John here, pretending he’s Harold, with a link to a story about the FCC and big media. It’s by Ted Turner of CNN fame, & published in

The Washington Monthly.

His line of reasoning will be familar to loyal readers of Harold’s Tales of the Sausage Factory but it is refreshing to see it coming from the pen of a wildly successful media mogul.

Some tidbits:

Unless we have a climate that will allow more independent media companies to survive, a dangerously high percentage of what we see–and what we don’t see–will be shaped by the profit motives and political interests of large, publicly traded conglomerates. The economy will suffer, and so will the quality of our public life.

Big media today wants to own the faucet, pipeline, water, and the reservoir. The rain clouds come next.

I’ve included one more teaser in the extended section, but you’ll have more fun if you skip that and just follow the link to the article. It’s well written with Turner’s trademark directness, and it’s scary stuff from somebody who knows what he’s talking about.

Today, media companies are more concentrated than at any time over the past 40 years, thanks to a continual loosening of ownership rules by Washington. The media giants now own not only broadcast networks and local stations; they also own the cable companies that pipe in the signals of their competitors and the studios that produce most of the programming. To get a flavor of how consolidated the industry has become, consider this: In 1990, the major broadcast networks–ABC, CBS, NBC, and Fox–fully or partially owned just 12.5 percent of the new series they aired. By 2000, it was 56.3 percent. Just two years later, it had surged to 77.5 percent.

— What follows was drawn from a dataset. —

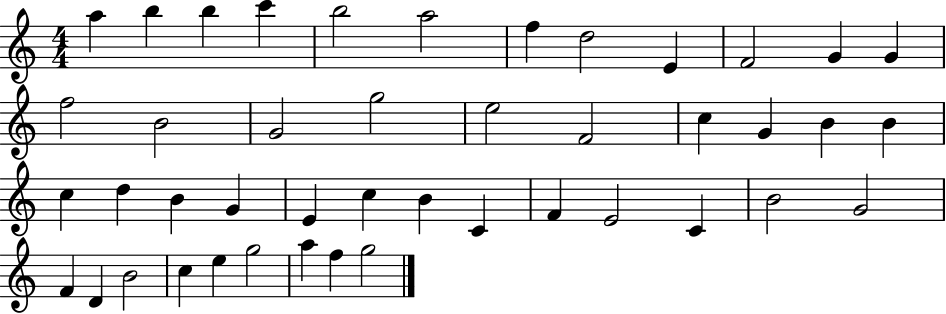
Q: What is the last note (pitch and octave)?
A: G5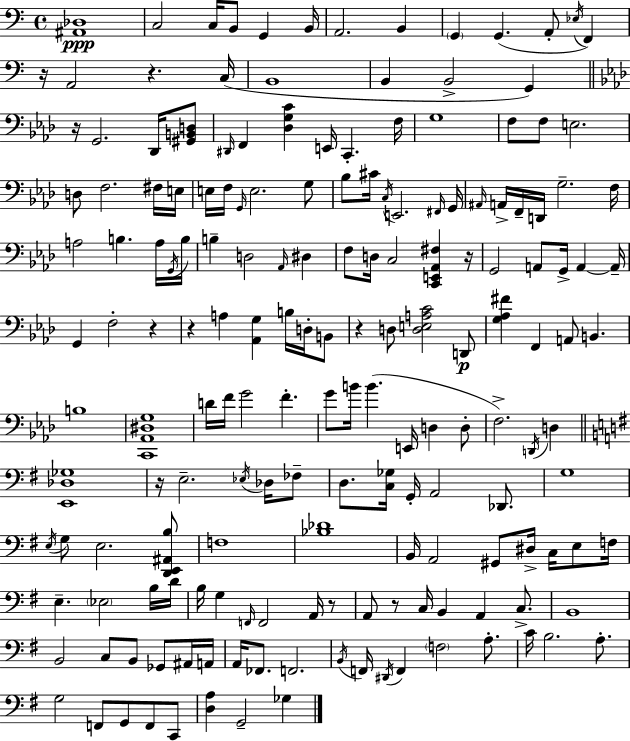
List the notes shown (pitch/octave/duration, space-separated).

[A#2,Db3]/w C3/h C3/s B2/e G2/q B2/s A2/h. B2/q G2/q G2/q. A2/e Eb3/s F2/q R/s A2/h R/q. C3/s B2/w B2/q B2/h G2/q R/s G2/h. Db2/s [G#2,B2,D3]/e D#2/s F2/q [Db3,G3,C4]/q E2/s C2/q. F3/s G3/w F3/e F3/e E3/h. D3/e F3/h. F#3/s E3/s E3/s F3/s G2/s E3/h. G3/e Bb3/e C#4/s C3/s E2/h. F#2/s G2/s A#2/s A2/s F2/s D2/s G3/h. F3/s A3/h B3/q. A3/s G2/s B3/s B3/q D3/h Ab2/s D#3/q F3/e D3/s C3/h [C2,E2,Ab2,F#3]/q R/s G2/h A2/e G2/s A2/q A2/s G2/q F3/h R/q R/q A3/q [Ab2,G3]/q B3/s D3/s B2/e R/q D3/e [D3,E3,A3,C4]/h D2/e [G3,Ab3,F#4]/q F2/q A2/e B2/q. B3/w [C2,Ab2,D#3,G3]/w D4/s F4/s G4/h F4/q. G4/e B4/s B4/q. E2/s D3/q D3/e F3/h. D2/s D3/q [E2,Db3,Gb3]/w R/s E3/h. Eb3/s Db3/s FES3/e D3/e. [C3,Gb3]/s G2/s A2/h Db2/e. G3/w E3/s G3/e E3/h. [D2,E2,A#2,B3]/e F3/w [Bb3,Db4]/w B2/s A2/h G#2/e D#3/s C3/s E3/e F3/s E3/q. Eb3/h B3/s D4/s B3/s G3/q F2/s F2/h A2/s R/e A2/e R/e C3/s B2/q A2/q C3/e. B2/w B2/h C3/e B2/e Gb2/e A#2/s A2/s A2/s FES2/e. F2/h. B2/s F2/s D#2/s F2/q F3/h A3/e. C4/s B3/h. A3/e. G3/h F2/e G2/e F2/e C2/e [D3,A3]/q G2/h Gb3/q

  1. And case in point is Bob Pitman. Bob Pitman was one of the AOL Billionaires. After getting forced out by the Time Warner folks, Pitman put together Pilot Media to buy radio and television stations so he could do fun things with their digital spectrum and shake up programming. He is capitalized at $1 Billion cash (his own and some other folks).

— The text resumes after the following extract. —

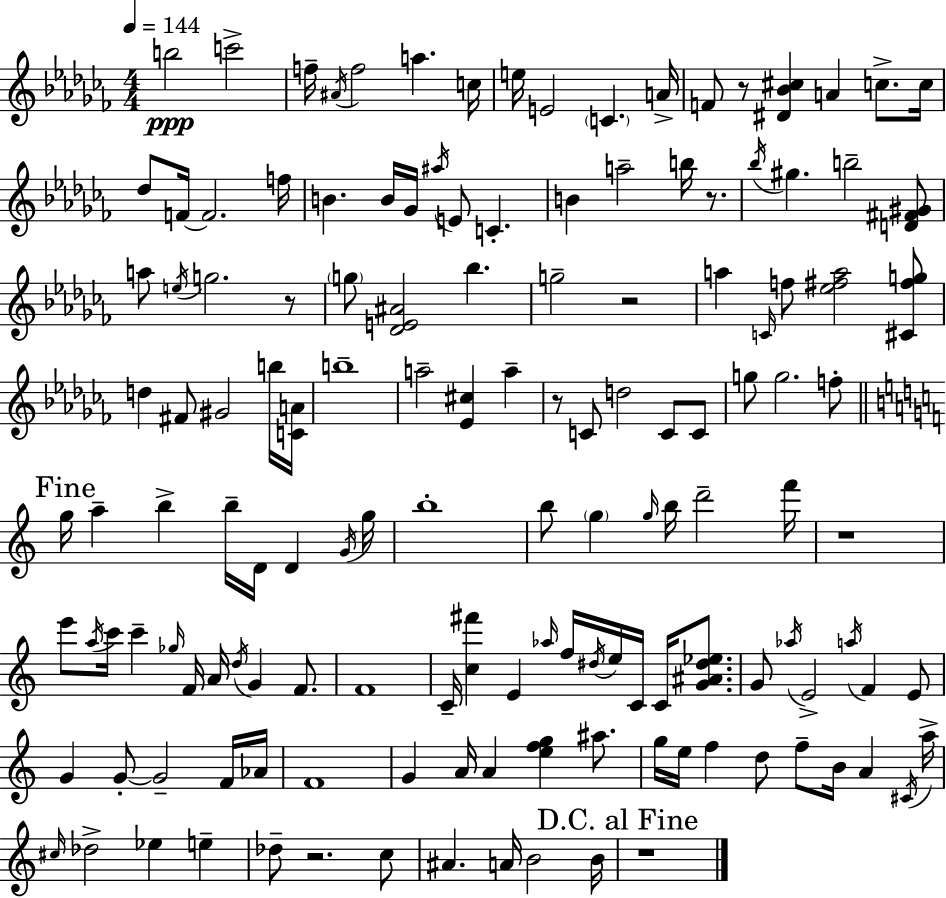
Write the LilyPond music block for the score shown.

    He can’t buy a TV station. No one will sell. The few owners that control the station groups do not want to sell to an outsider who will shake up the industry or, in the laternative, are waiting to see if the rules are relaxed and they can get a better price from News Corp or Viacom or one of the other group owners.

    When Bob Pitman, with a billion dollars, cannot find someone willing to sell him a TV station, it is time to abandon the illusion that it is a free market. I believe the technical term for this arrangement is oligopoly or cartel (depending on the level of formal coordination).


  2. Turner’s article is one of the most useful summaries of the case against Big Media I’ve ever seen. One of the most interesting aspects is that he never once mentions “the public airwaves,” the sacred cow that’s the starting point (and usually the stopping point) for most discussion about this issue.

    Turner focuses directly on the regulatory infrastructure — fin-syn, must-carry, ownership caps — that make or break entreprenurial possibilities.

    I only hope people are paying attention to what Ted’s saying.